■ EXERCISE PROMPT
Restate word for word only the lines from the one with "50$ lululemon BAG" through the end of the records; no pictures belong in the copy.
##### INPUT MATERIAL #####
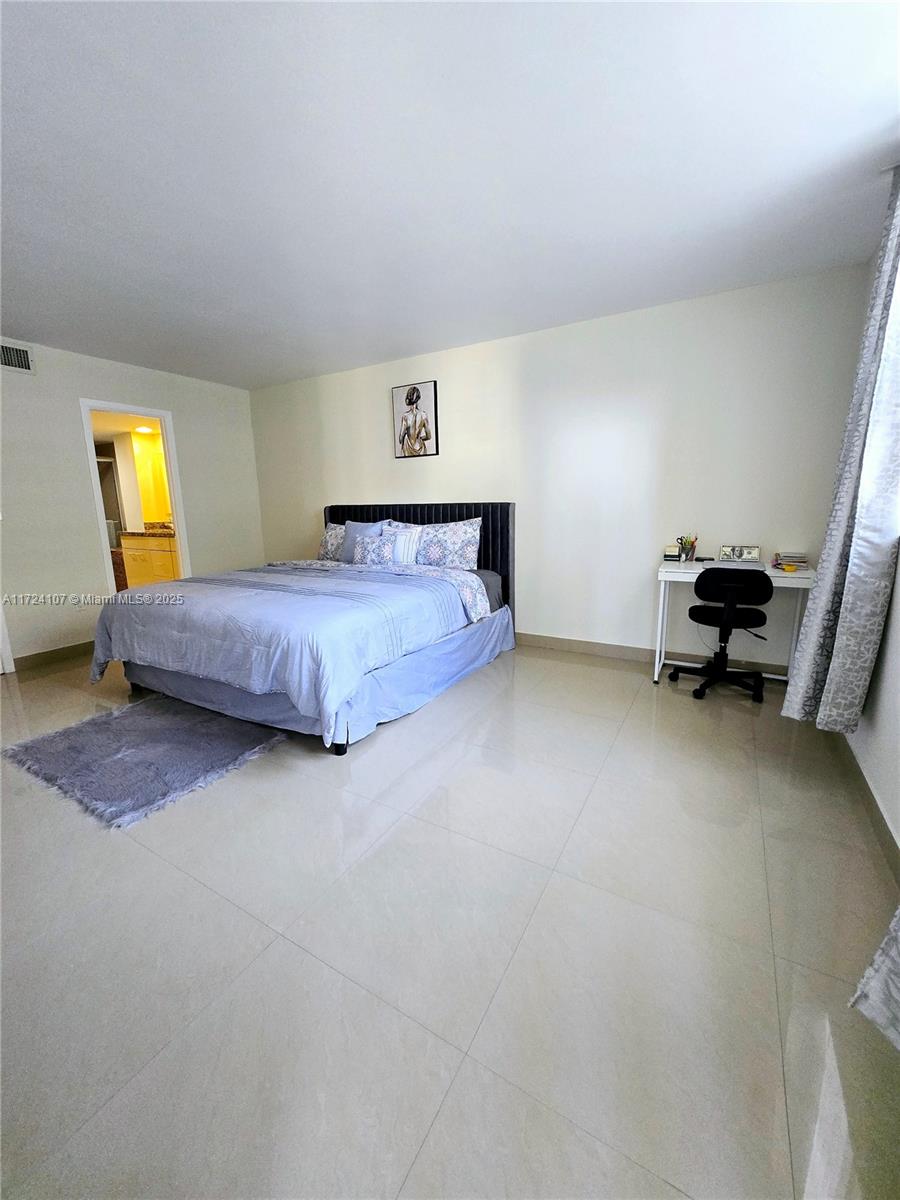 1833 S Ocean Dr #809, Hallandale Beach, Florida image 13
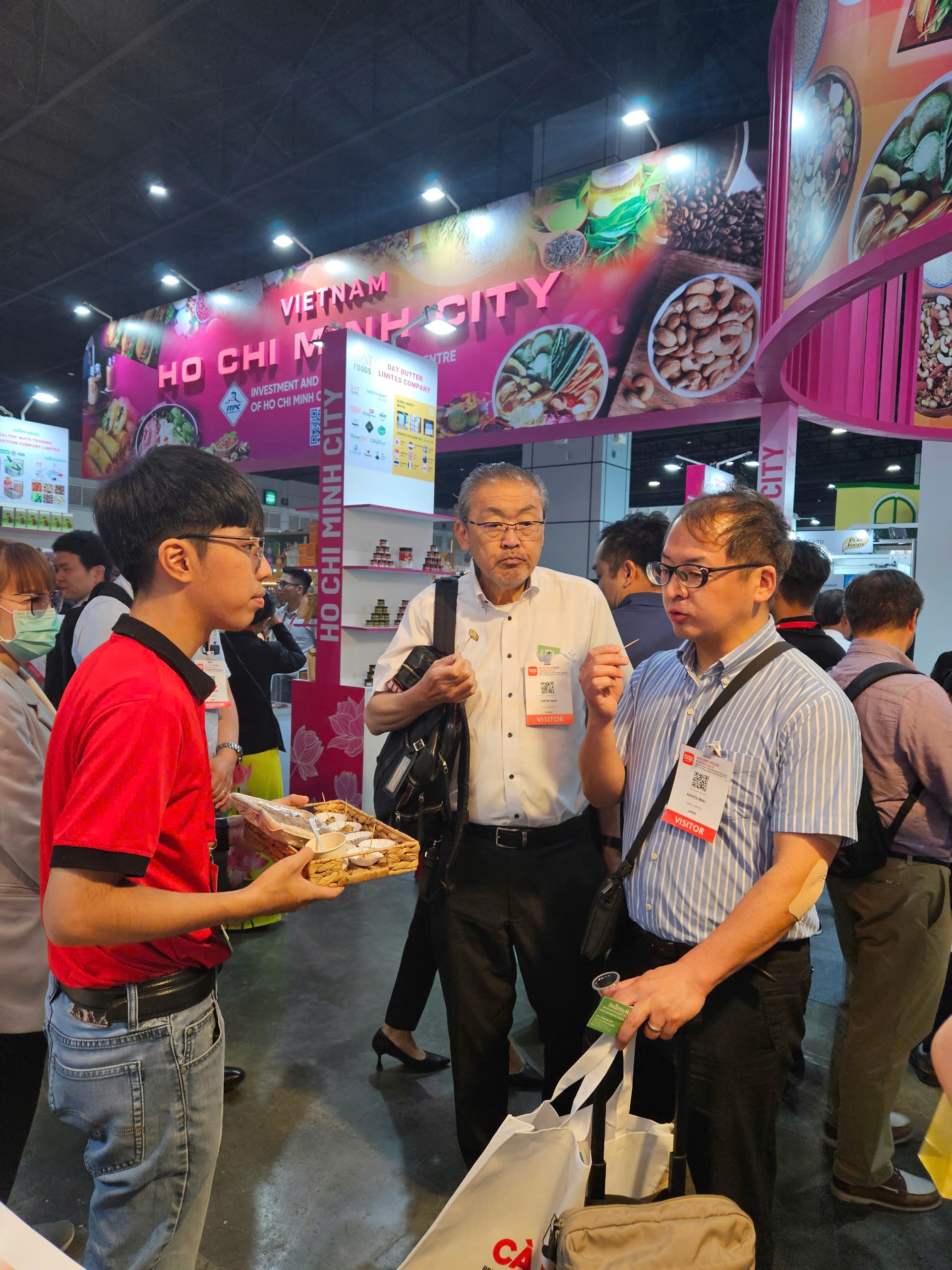 Các sản phẩm của doanh nghiệp Việt được khách hàng tại Thái Lan thưởng thức và đánh giá cao. Các sản phẩm của doanh nghiệp Việt được khách hàng tại Thái Lan thưởng thức và đánh giá cao.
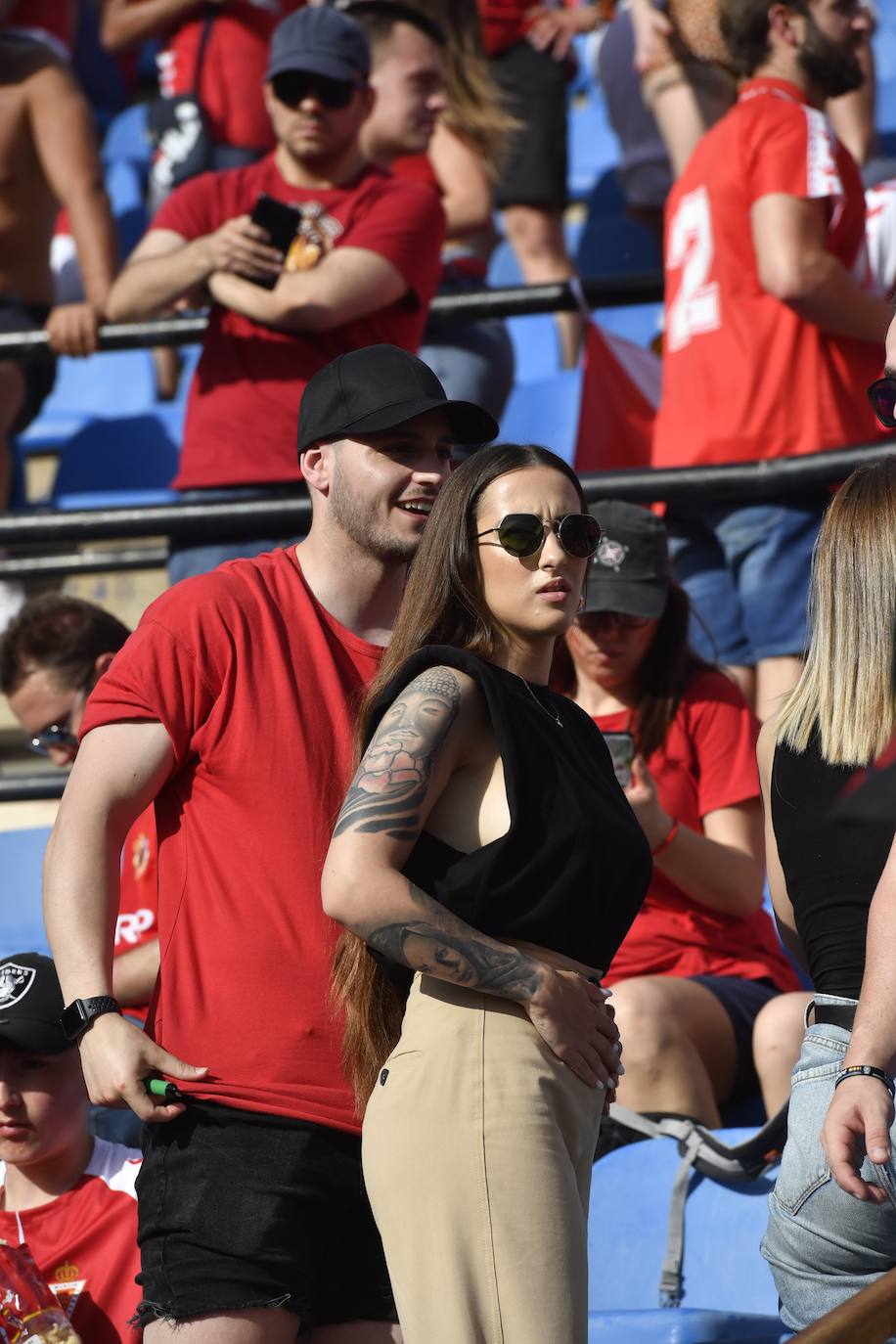 Fotos: La afición grana en la grada del Rico Pérez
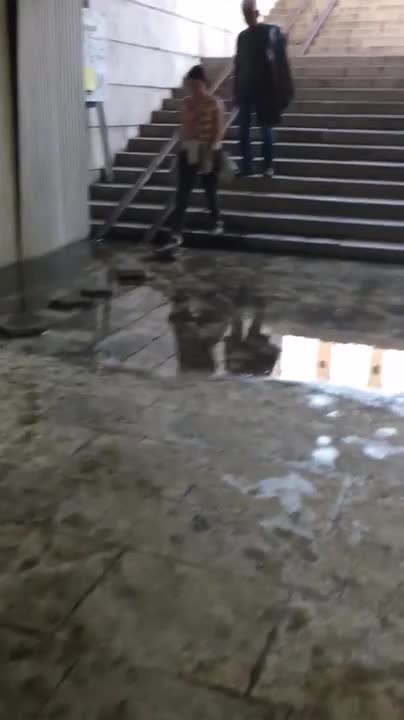 Наводнен подлез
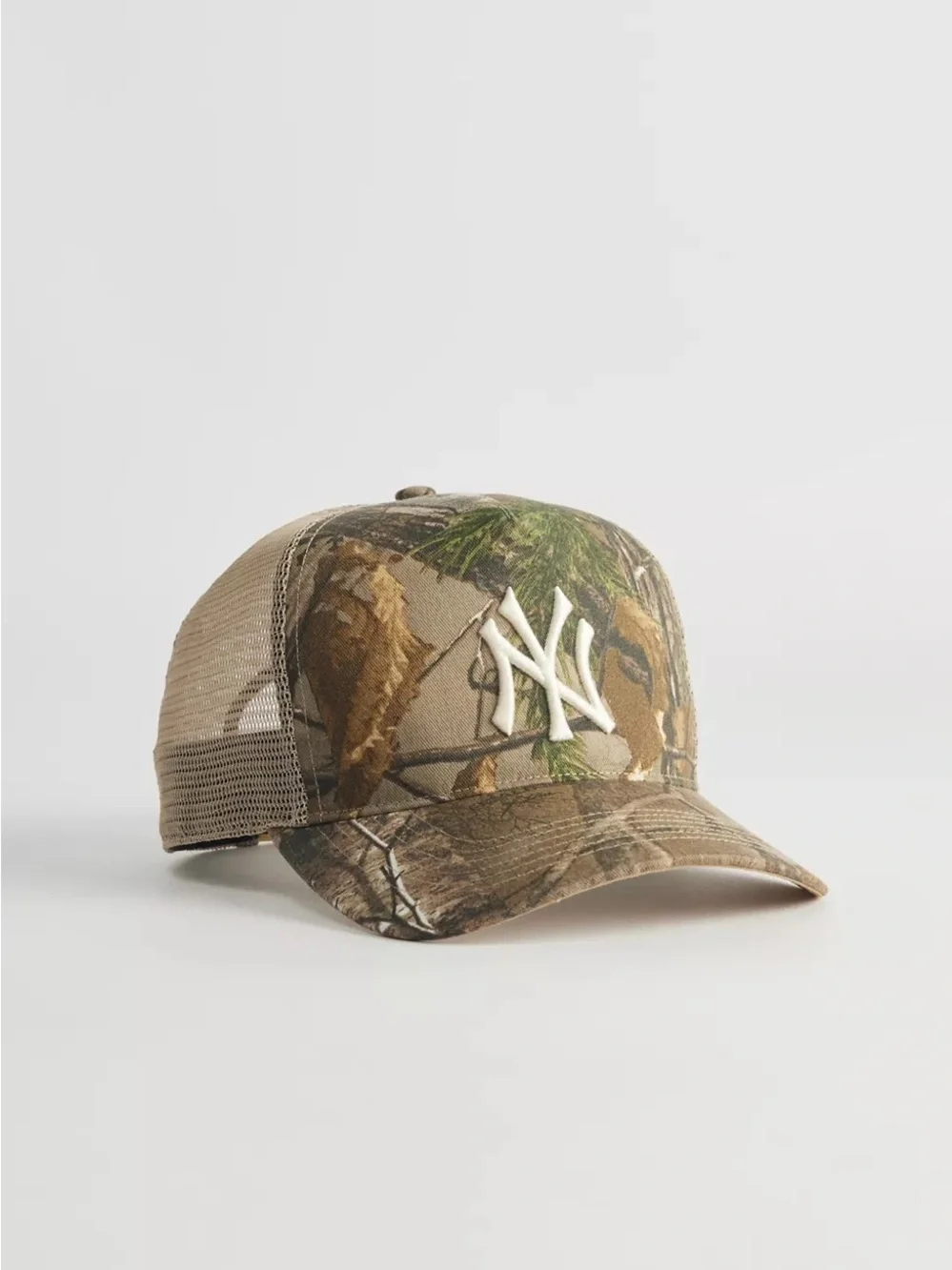’47 Brand MLB New York Yankees Camo Hitch Trucker Hat Snapback Baseball Cap.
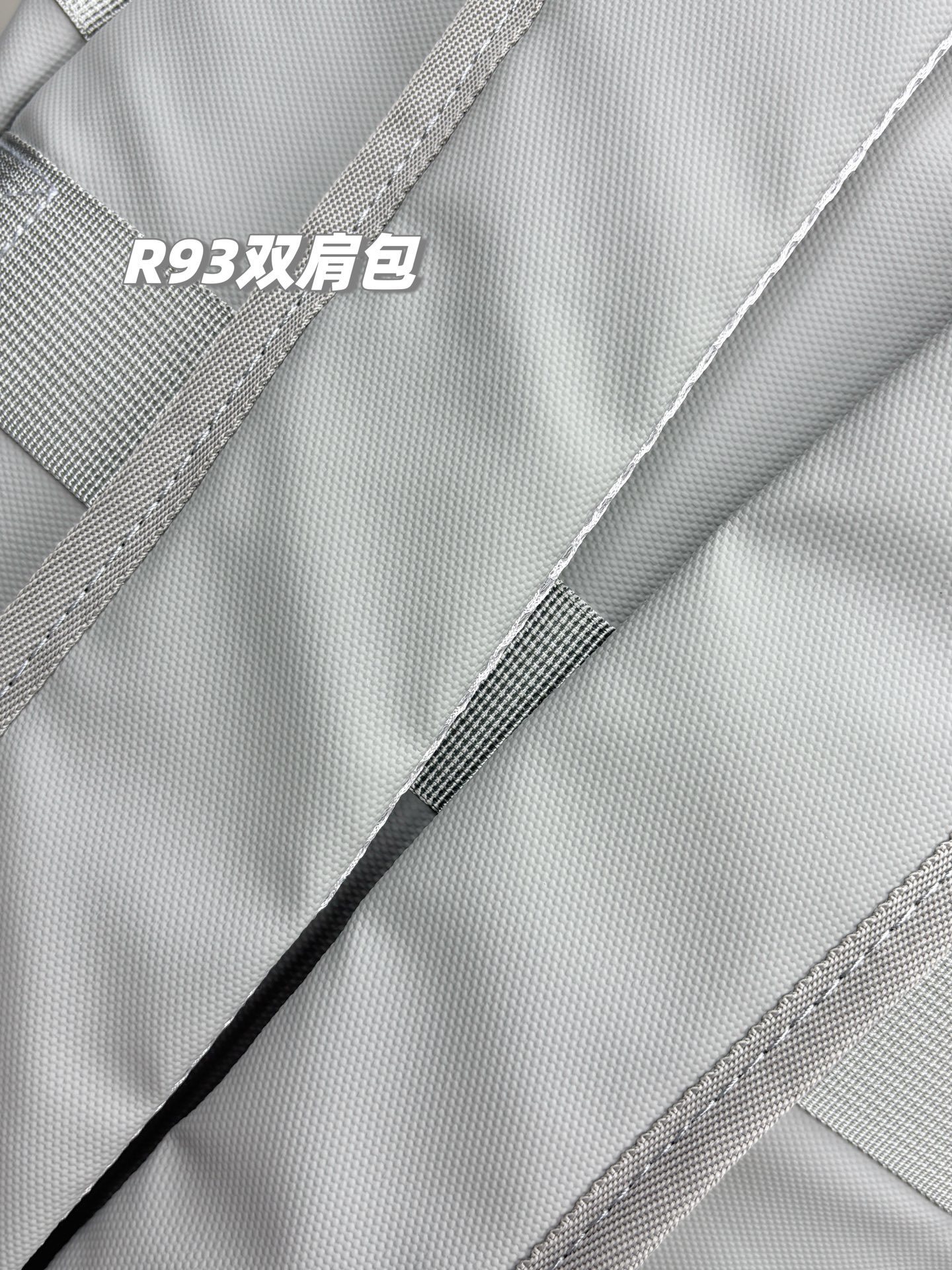 50$ lululemon BAG SIZE 44X30X13 CM 023400 RCY36 gallery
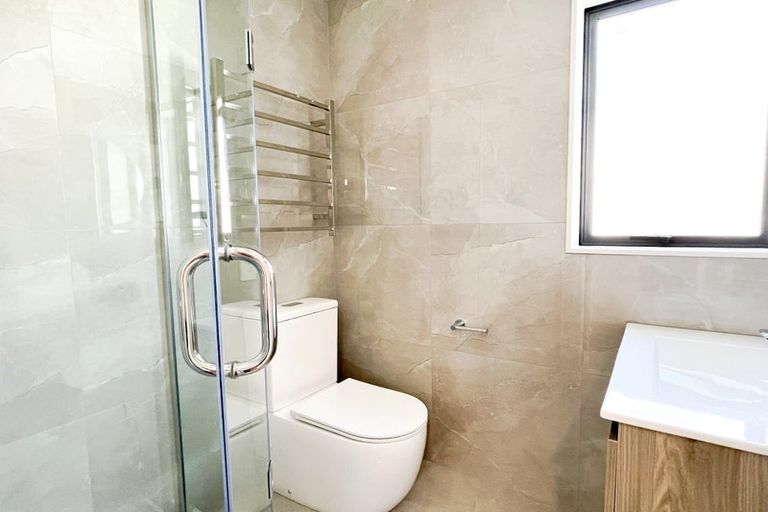 Photo of property in 15 Arahopu Place, Papakura, 2110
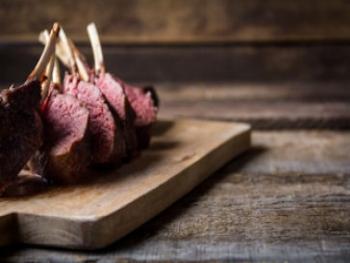 Hertenrack met sjalotjes en gedroogde cranberryjus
#####
■ TASK RESULT
 50$ lululemon BAG SIZE 44X30X13 CM 023400 RCY36 gallery
 Photo of property in 15 Arahopu Place, Papakura, 2110
 Hertenrack met sjalotjes en gedroogde cranberryjus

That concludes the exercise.